• **Data**:
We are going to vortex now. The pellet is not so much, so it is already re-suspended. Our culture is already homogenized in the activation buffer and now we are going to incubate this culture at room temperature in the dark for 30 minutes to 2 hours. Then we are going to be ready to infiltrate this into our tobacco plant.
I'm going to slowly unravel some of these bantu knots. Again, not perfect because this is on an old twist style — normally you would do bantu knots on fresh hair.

---

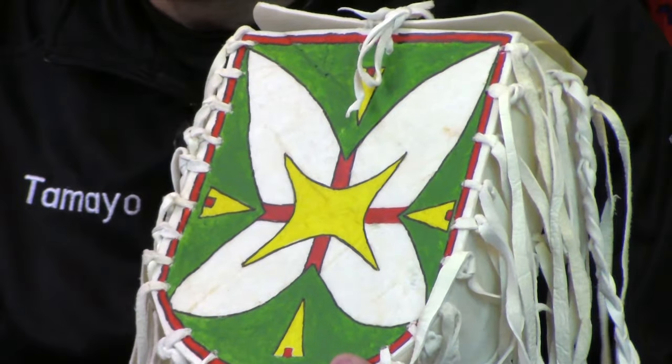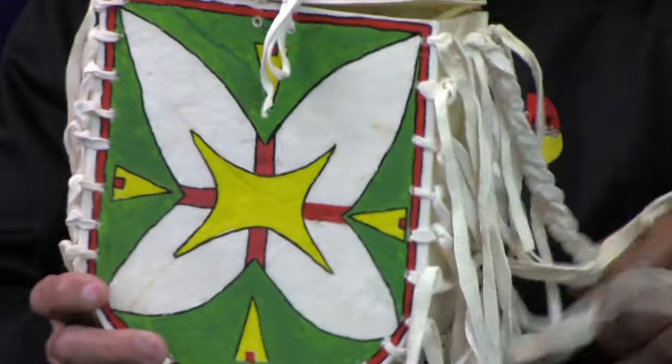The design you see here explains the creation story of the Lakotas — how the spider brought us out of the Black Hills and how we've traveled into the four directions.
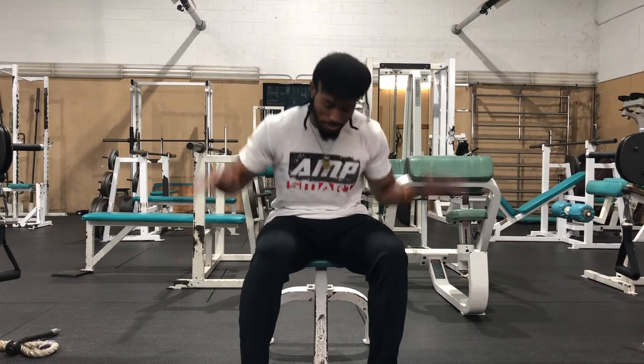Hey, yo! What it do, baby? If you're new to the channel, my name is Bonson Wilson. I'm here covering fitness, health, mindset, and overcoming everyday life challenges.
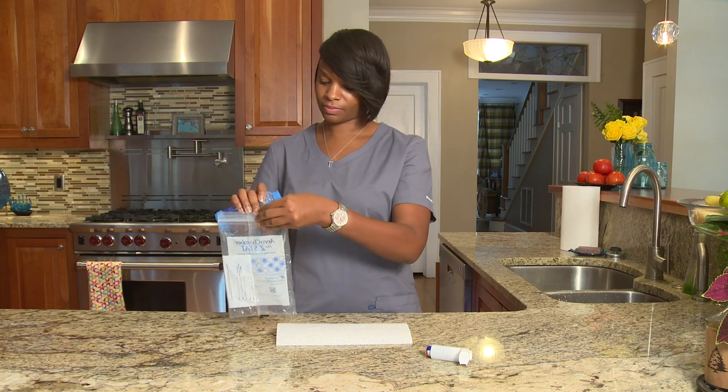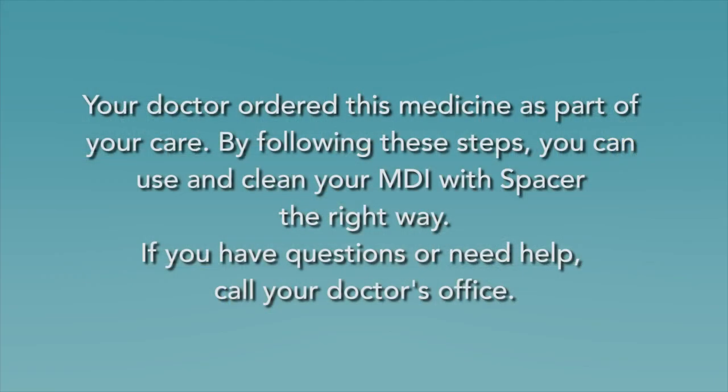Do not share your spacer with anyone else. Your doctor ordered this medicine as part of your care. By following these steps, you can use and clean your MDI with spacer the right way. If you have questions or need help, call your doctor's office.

---

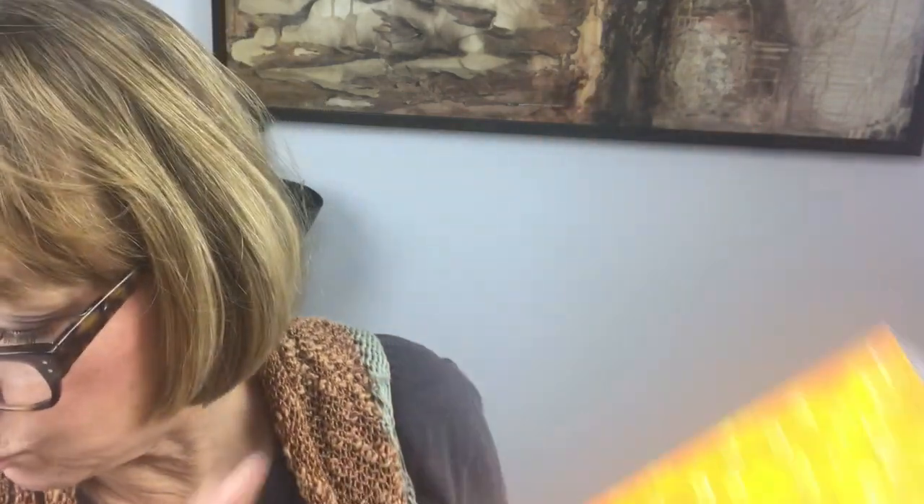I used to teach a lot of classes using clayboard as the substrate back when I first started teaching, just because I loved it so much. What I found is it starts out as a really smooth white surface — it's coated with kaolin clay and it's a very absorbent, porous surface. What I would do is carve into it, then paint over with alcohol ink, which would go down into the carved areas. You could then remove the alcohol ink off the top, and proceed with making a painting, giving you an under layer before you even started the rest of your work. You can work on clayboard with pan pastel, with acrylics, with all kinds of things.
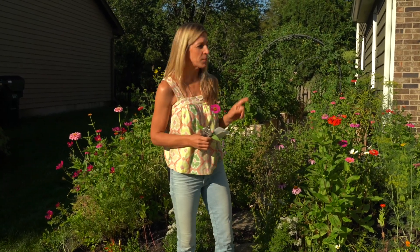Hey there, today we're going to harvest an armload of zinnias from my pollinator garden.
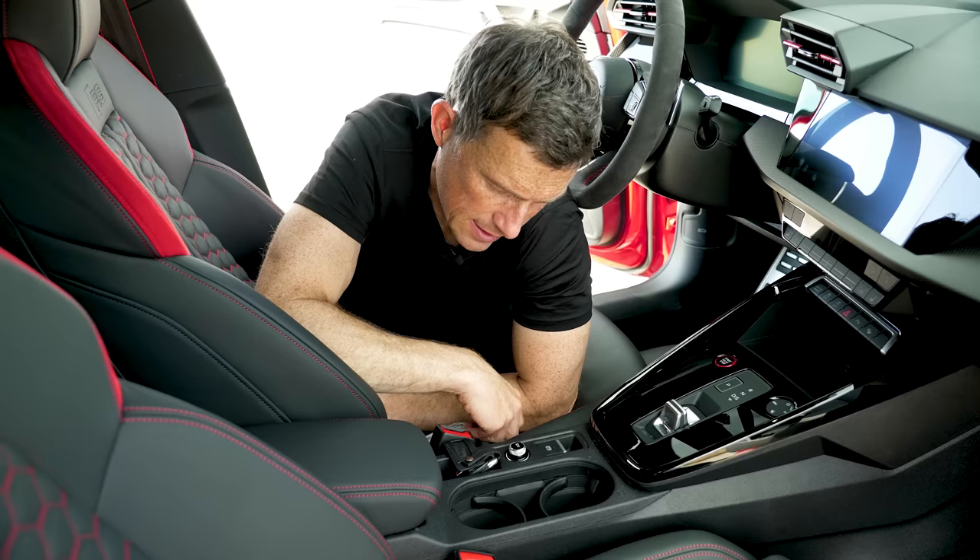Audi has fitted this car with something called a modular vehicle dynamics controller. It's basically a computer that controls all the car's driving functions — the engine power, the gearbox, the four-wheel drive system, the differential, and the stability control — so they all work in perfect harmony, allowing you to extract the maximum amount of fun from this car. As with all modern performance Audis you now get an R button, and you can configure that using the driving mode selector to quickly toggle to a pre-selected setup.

• **What the task asks**: Give again the stretch of the entries above that begins at the line with "The design you" and ends at the line with "Do not share", word for word, with no pictures.

• **Exercise output**:
The design you see here explains the creation story of the Lakotas — how the spider brought us out of the Black Hills and how we've traveled into the four directions.
Hey, yo! What it do, baby? If you're new to the channel, my name is Bonson Wilson. I'm here covering fitness, health, mindset, and overcoming everyday life challenges.
Do not share your spacer with anyone else. Your doctor ordered this medicine as part of your care. By following these steps, you can use and clean your MDI with spacer the right way. If you have questions or need help, call your doctor's office.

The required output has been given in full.